The history is that of Kievan Rus, the medieval empire centered in the capital founded by Vasylenko’s Attila-Kij. At its zenith in the 10th and 11th centuries, Kiev was an international center of trade, scholarship and religion. It ruled a tribal federation that stretched from the Carpathian mountains to the Volga, and from the Black Sea to the Baltic.
But in 1240, Mongols sacked the city and most of Kievan Rus fell under the Golden Horde.
That much is not very controversial. What happened afterward is. Two hundred years later, a small principality called Muscovy (later Moscow) chased the Mongols out and proclaimed itself the successor to Kievan Rus. Only Muscovy did not even exist during Kiev’s heyday, and the tribes that lived there were not Slavs. They were Finno-Ugric.

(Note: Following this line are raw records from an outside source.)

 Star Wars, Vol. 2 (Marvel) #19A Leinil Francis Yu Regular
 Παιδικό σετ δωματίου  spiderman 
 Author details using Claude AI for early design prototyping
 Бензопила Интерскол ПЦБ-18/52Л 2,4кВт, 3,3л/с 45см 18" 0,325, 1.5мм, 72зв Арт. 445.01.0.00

To explain away that fact, Russian historians decided that the Slavic inhabitants of Kievan Rus all migrated north under pressure from the Mongols. They became the modern Russian nation. As for the Ukrainians, they came from somewhere else (no one bothered much to find out where) and settled on the territory around Kiev centuries later.

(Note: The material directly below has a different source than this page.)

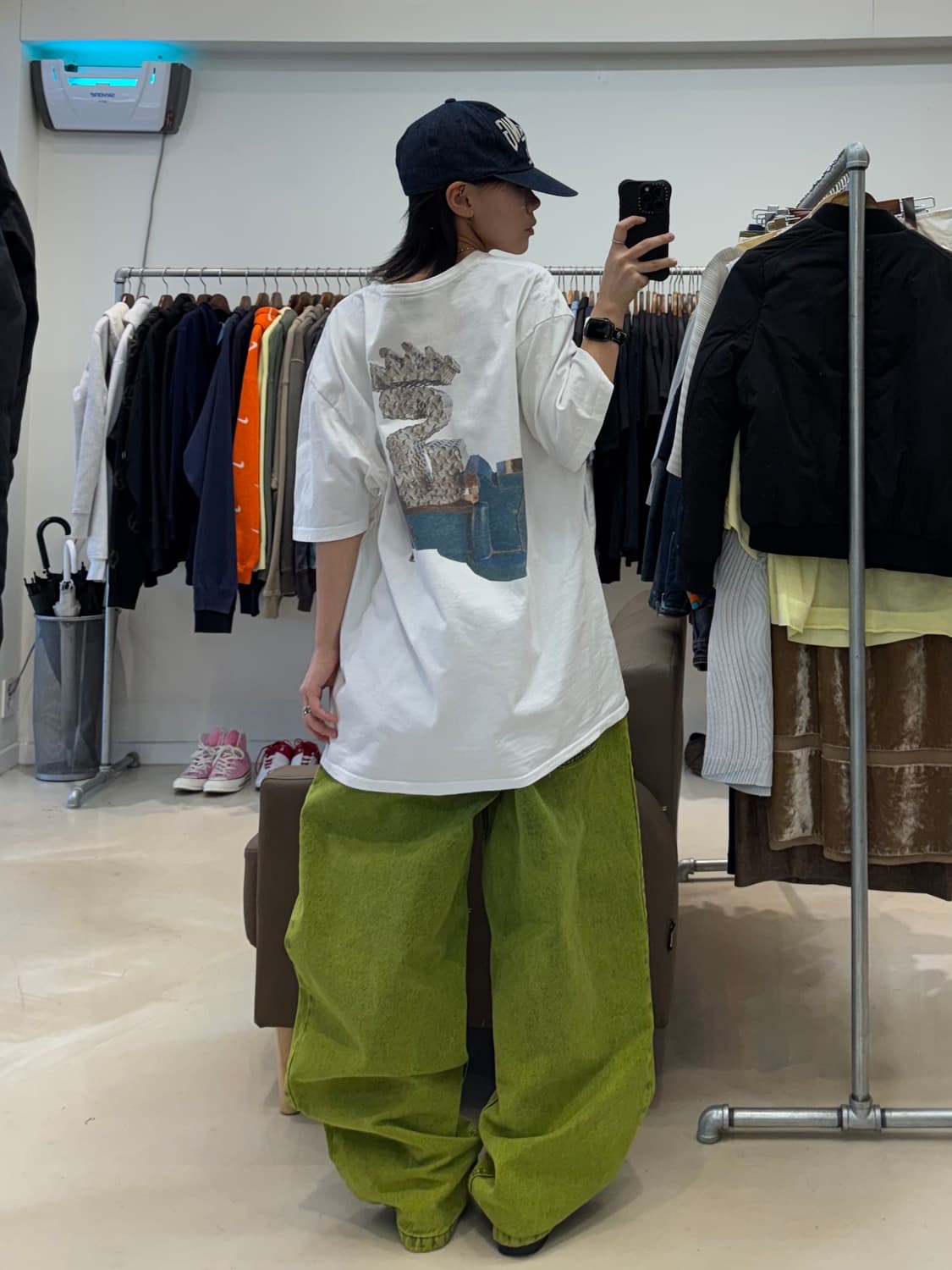 스투시 터프 스터프 티셔츠 상품이미지5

According to Ukrainian historian Vitaly Shevchuk, Muscovy’s claim to Rus created a pretext for expanding its empire by “gathering together the Rus lands” that had fragmented after the Mongol invasion. It also created the myth of the Russian “elder brother,” whose prerogative was telling his Slavic “little brother” (Ukraine) what to do, Shevchuk said in an interview published by a Kiev newspaper.

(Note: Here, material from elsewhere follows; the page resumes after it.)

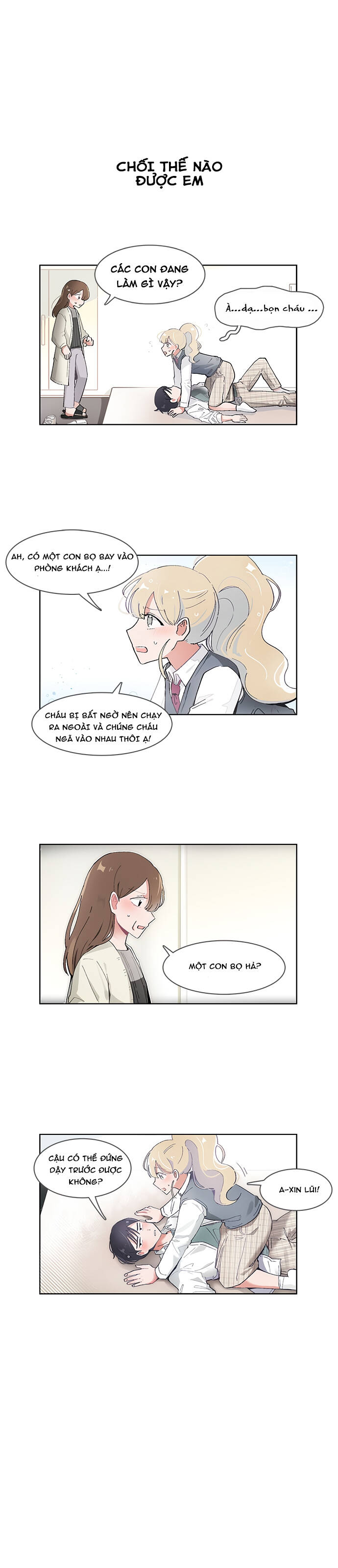 Tớ Chỉ Muốn Đánh Bại Cậu Chapter 43 - 2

Thus, when Muscovy absorbed Ukraine in 1654, the Russians called the result a “reunion.” Three hundred years later, the Soviets celebrated the occasion by building a giant “Arch of the Reunion” on the hills above the Dnieper. But now the Ukrainians are calling that so-called reunion “annexation,” and while newspapers regularly publish schemes for demolishing the arch, scholars like Shevchuk and Pritsak are poking holes in Russia’s version of history and its claim to Kievan Rus.
Saying that Kievan Rus is a part of Russian history, argues Pritsak, would be like American historians “saying that Shakespeare was an American” because many colonists came from England.
That view faces an uphill battle when every encyclopedia traces Russia’s history back to Kiev. Nevertheless, Pritsak, who was instrumental in founding Harvard’s Institute of Ukrainian Studies, believes that his Western colleagues will soon come to accept the Ukrainian version of history.
But persuading Russians, most of whom remain convinced that Rus is synonymous with Russia, could be a matter of strategic significance.
If reactionaries come to power in Moscow, Ukraine could again be the victim of a campaign to “gather together the Rus lands” that fragmented with the Soviet Union’s collapse. Unless, of course, a new Attila-Kij appears to lead the anti-imperial battle.